* [Supplied data]:
-- Opening Marker --

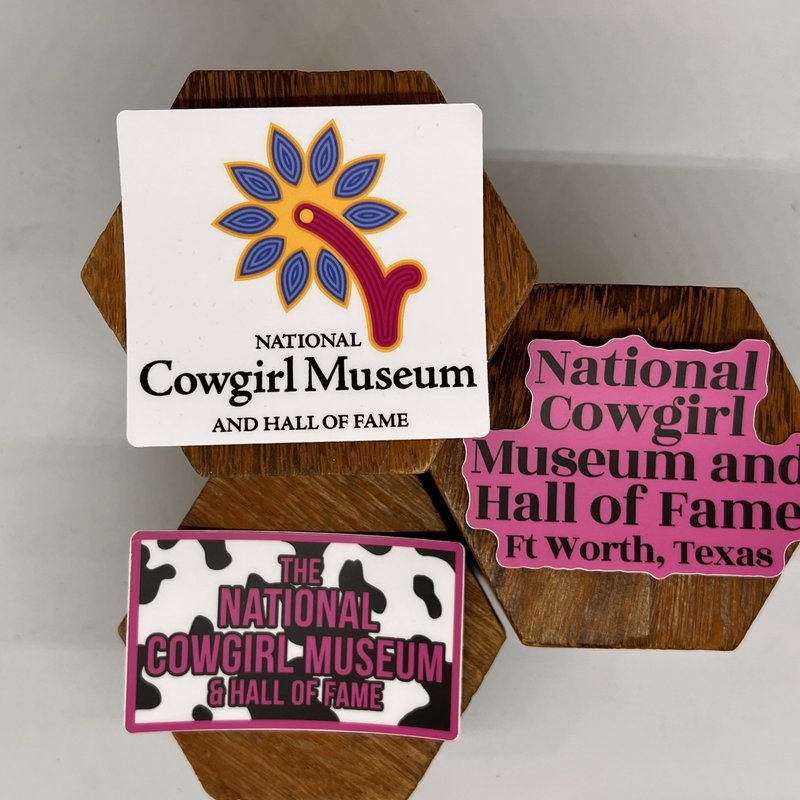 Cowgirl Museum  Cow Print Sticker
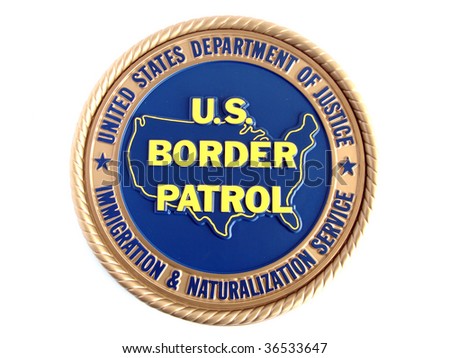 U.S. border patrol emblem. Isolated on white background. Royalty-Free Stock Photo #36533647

-- Closing Marker --
-- Opening Marker --

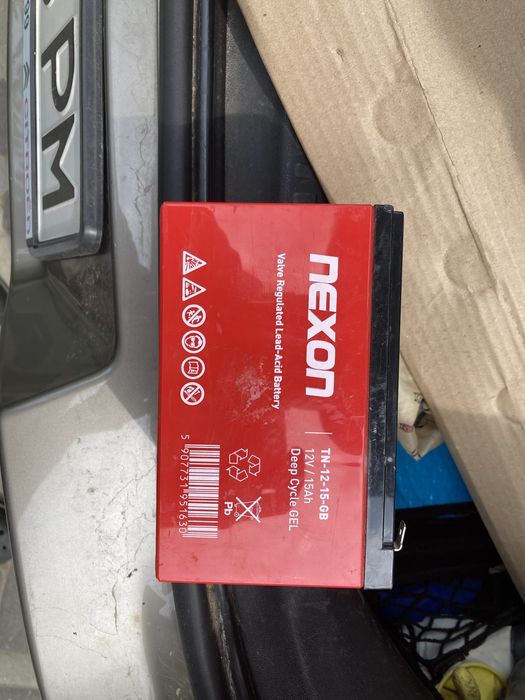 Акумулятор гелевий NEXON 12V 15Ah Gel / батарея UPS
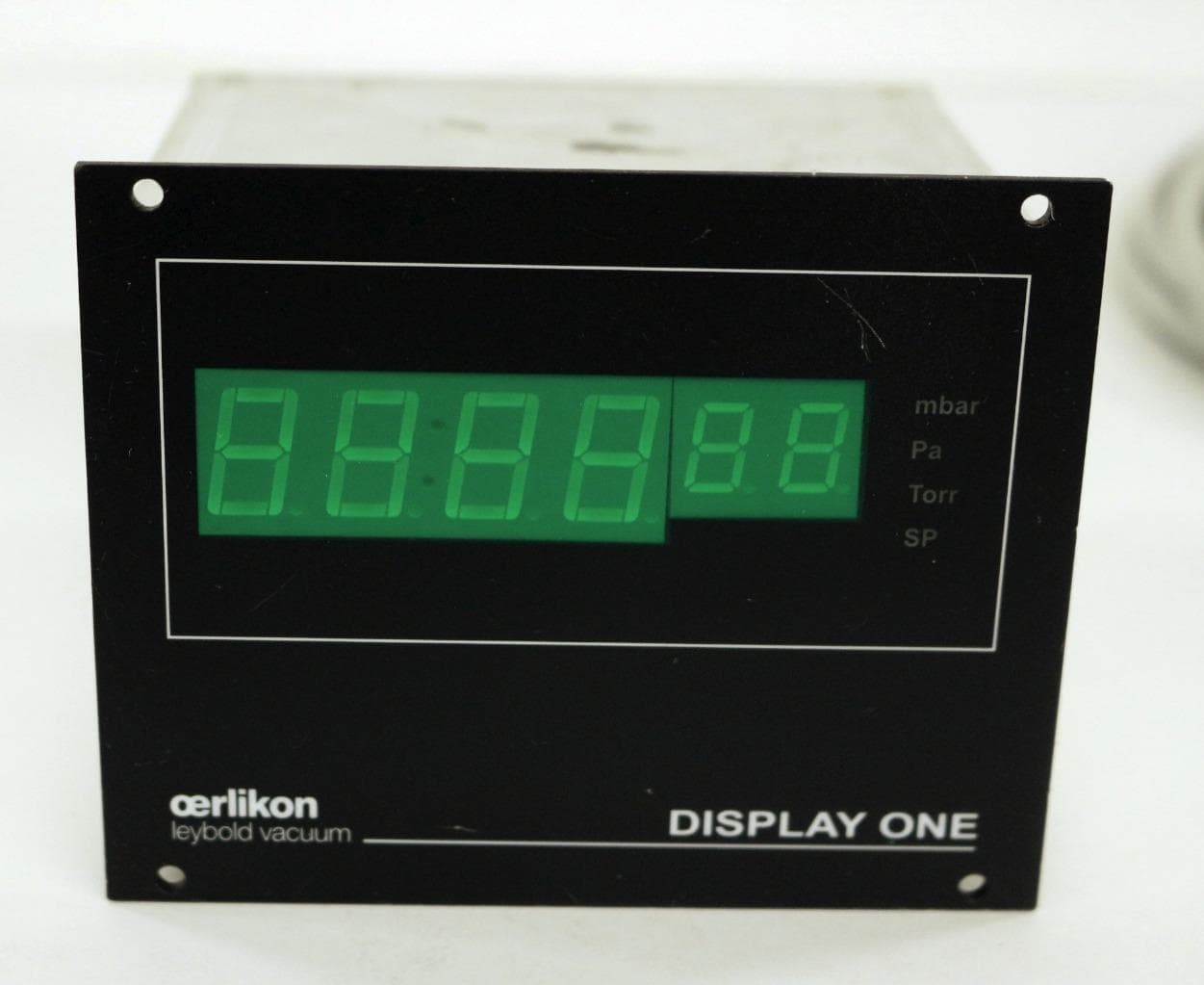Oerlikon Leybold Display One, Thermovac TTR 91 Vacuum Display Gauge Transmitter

-- Closing Marker --
-- Opening Marker --

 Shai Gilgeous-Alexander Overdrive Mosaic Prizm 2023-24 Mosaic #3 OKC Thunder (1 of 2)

-- Closing Marker --

* [Problem to work on]:
From the records above, transcribe only the stretch from the line with "Cow Print Sticker" through the line with "U.S. border patrol", keeping both ends. Omit pictures.

* [Response area]:
 Cowgirl Museum  Cow Print Sticker
 U.S. border patrol emblem. Isolated on white background. Royalty-Free Stock Photo #36533647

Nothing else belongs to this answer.